Please click Kehoe Law Firm, P.C. for more information about cryptocurrencies, Initial Coin Offerings, and other class action investigations. Bitcoin and other cryptocurrency Investors are also encouraged to review the following SEC and CFTC cryptocurrency- and Initial Coin Offering-related information:

SEC Chairman Jay Clayton Statement on Cryptocurrencies and Initial Coin Offerings (Dec. 11, 2017)

SEC Division of Enforcement and SEC Office of Compliance Inspections and Examinations Statement on Potentially Unlawful Promotion of Initial Coin Offerings and Other Investments by Celebrities and Others (Nov. 1, 2017)
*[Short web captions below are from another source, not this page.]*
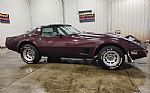 1981 Corvette Thumbnail 2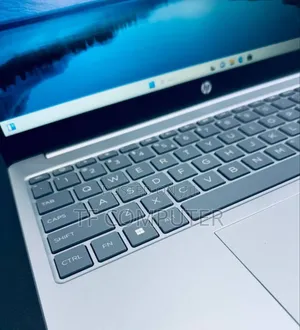 New Laptop HP Stream Notebook 16GB Intel Core I7 SSD 512GB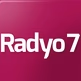 Radyo 7 logo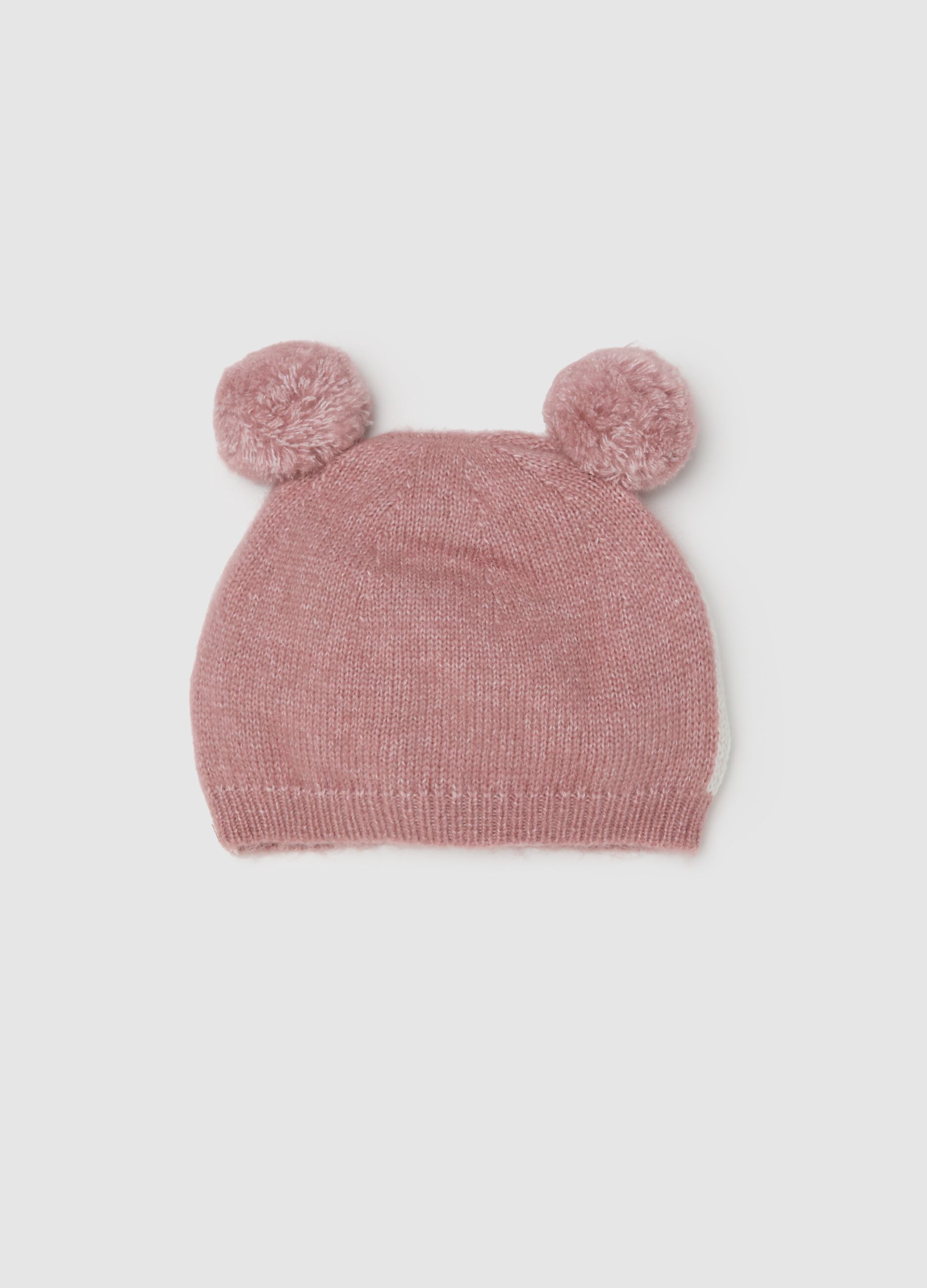 Loading img product 1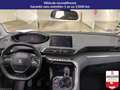 Peugeot 5008 PureTech 130 Active +Visio Park1 +Hayon Electrique Gris - thumbnail 3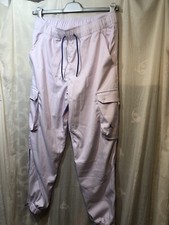 Jordan Hose Cargo Style Gr.M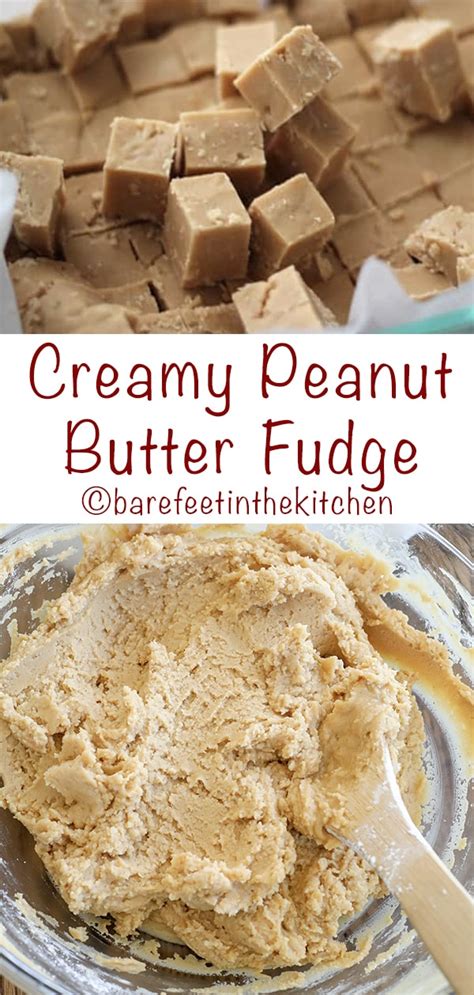 creamy-peanut-butter-fudge-barefeet-in-the-kitchen image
Investor Alert: Public Companies Making ICO-Related Claims (Aug. 28, 2017)

Report of Investigation Pursuant to Section 21(a) of the Securities Exchange Act of 1934: The DAO (July 25, 2017)
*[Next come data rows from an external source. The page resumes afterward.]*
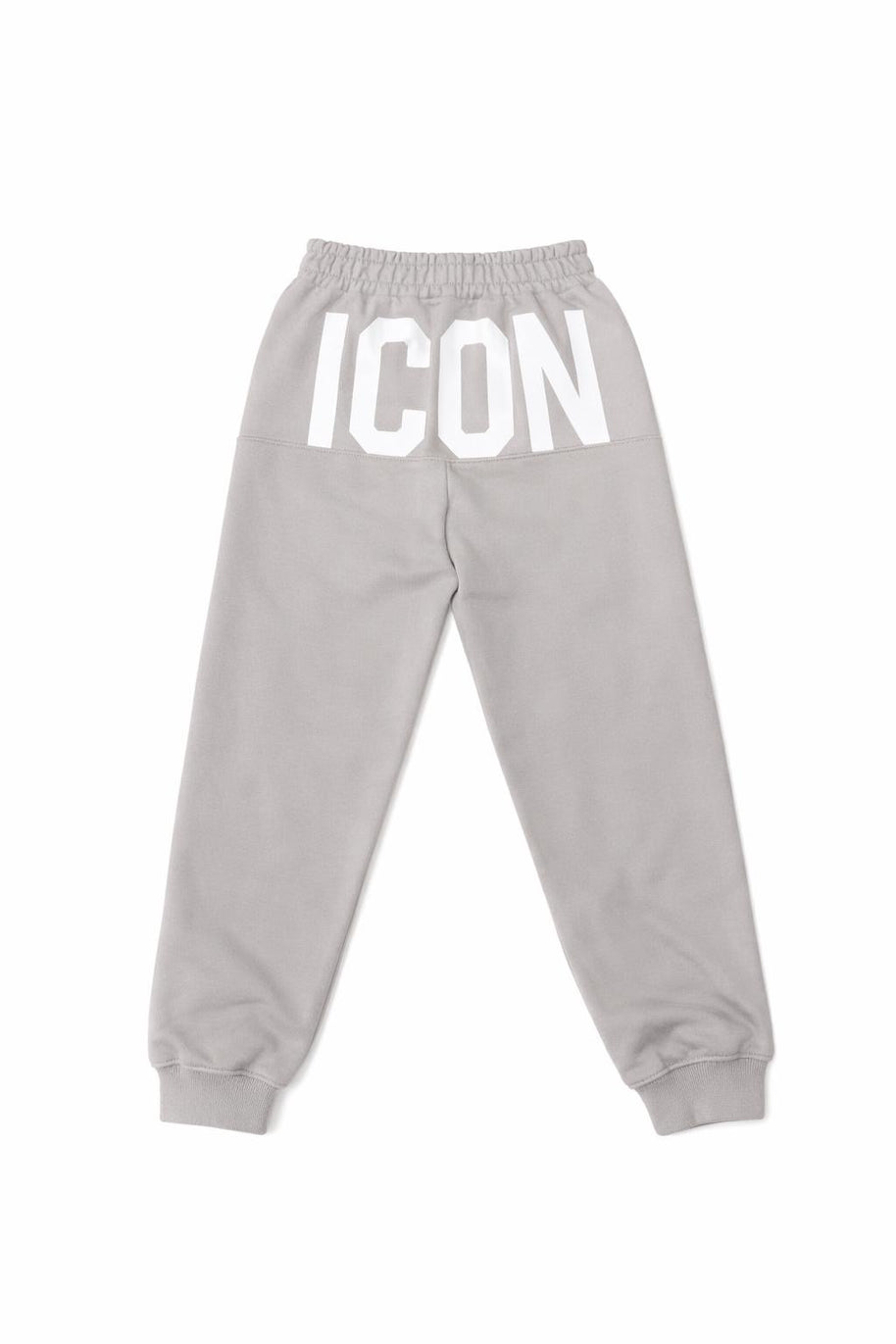 Pantalone bambino - icon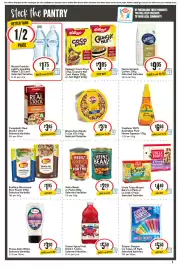 IGA catalogue week 5 Page 6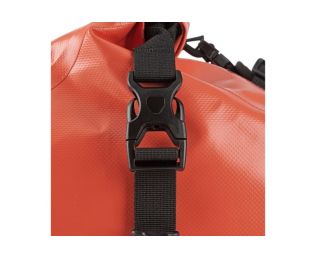 Brašna Ortlieb Duffle RC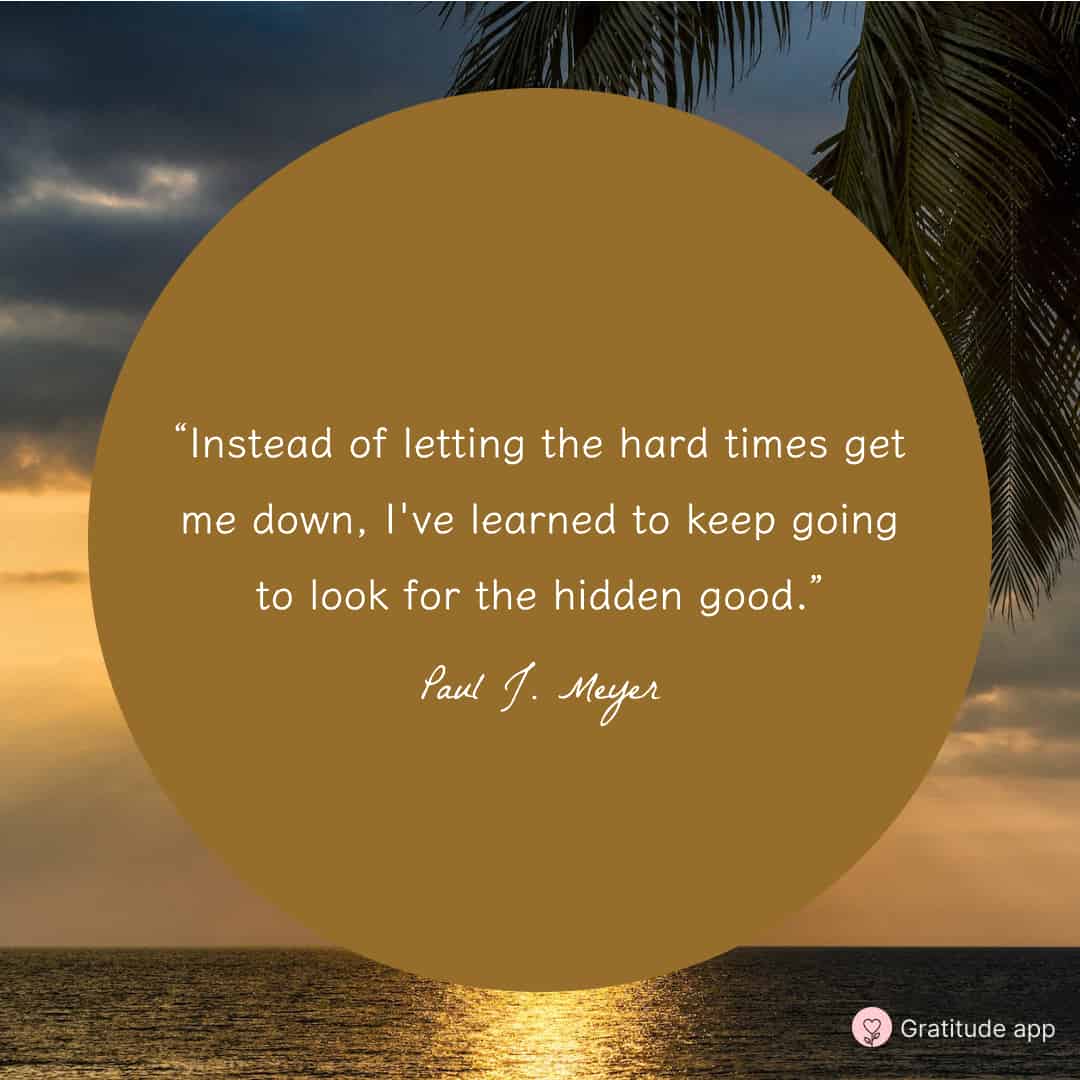 40+ Keep Going Quotes To Help You Through Tough Times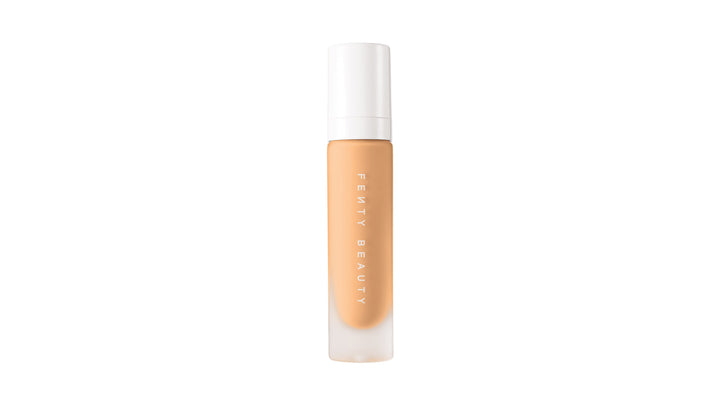 Pro Filt’r Soft Matte Longwear Foundation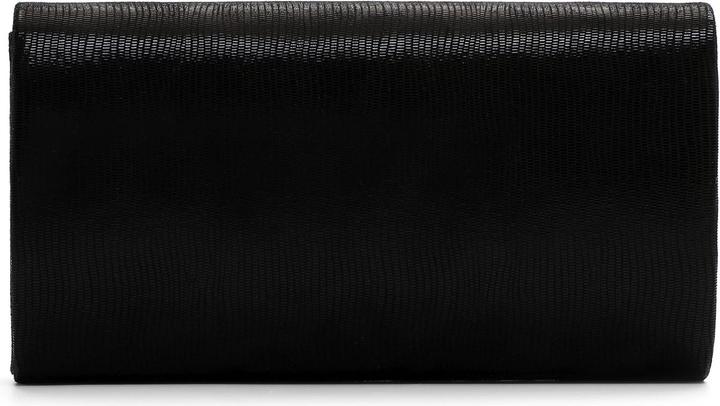 Actual product image Tamaris Amalia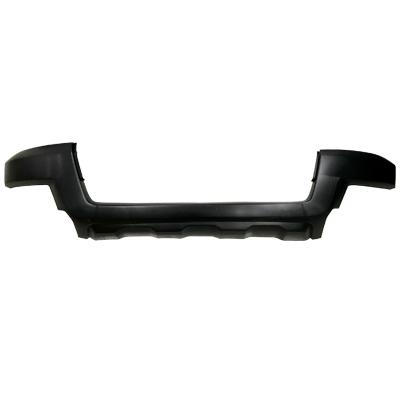 FRONT BUMPER MOULDING - WILDTRACK - TO SUIT FORD RANGER 2015-  F/LIFT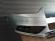 Bara Grile Fata Audi A4 B8 Facelift Argintiu LX7W Ice Silver Vopsita 2011-2015 8K0807065CGRU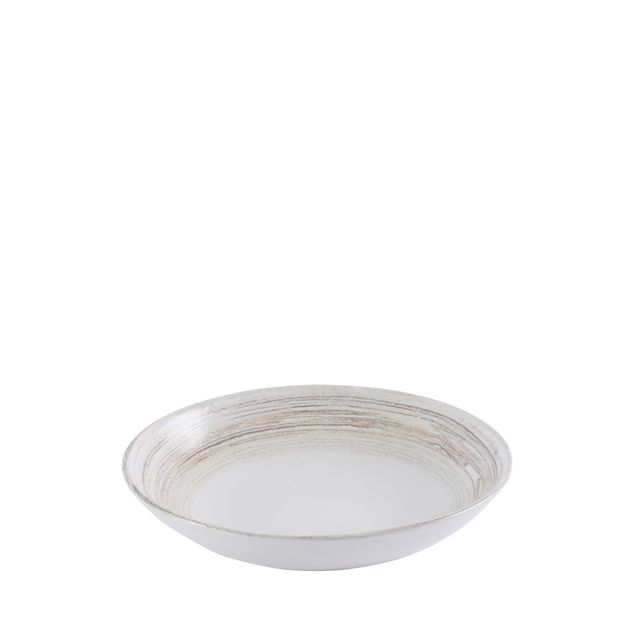 Elements Dune Evolve Coupe Bowl 24.8cm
Investor Bulletin: Initial Coin Offerings (July 25, 2017)

Investor Alert: Bitcoin and Other Virtual Currency-Related Investments (May 7, 2014)

Investor Alert: Ponzi Schemes Using Virtual Currencies (July 23, 2013)

CFTC Customer Advisory: Understand the Risks of Virtual Currency Trading (December 15, 2017)

A CFTC Primer on Virtual Currencies (October 17, 2017)

Source: CFTC.gov and SEC.gov

Kehoe Law Firm, P.C.

CFTC Bitcoin Fraud Enforcement Action

Bitcoin Fraud Enforcement Action: Bitcoin & Binary Options Fraud Scheme: CFTC Charges Colorado Resident Dillon Michael Dean & The Entrepreneurs Headquarters Limited

On January 19, 2018, the Commodity Futures Trading Commission (CFTC) issued a press release stating that on January 18, 2018, the CFTC filed a civil enforcement action in United States District Court, Eastern District of New York, against Defendants Dillon Michael Dean of Longmont, Colorado, and his company, The Entrepreneurs Headquarters Limited, a UK-registered company (“Bitcoin Defendants”).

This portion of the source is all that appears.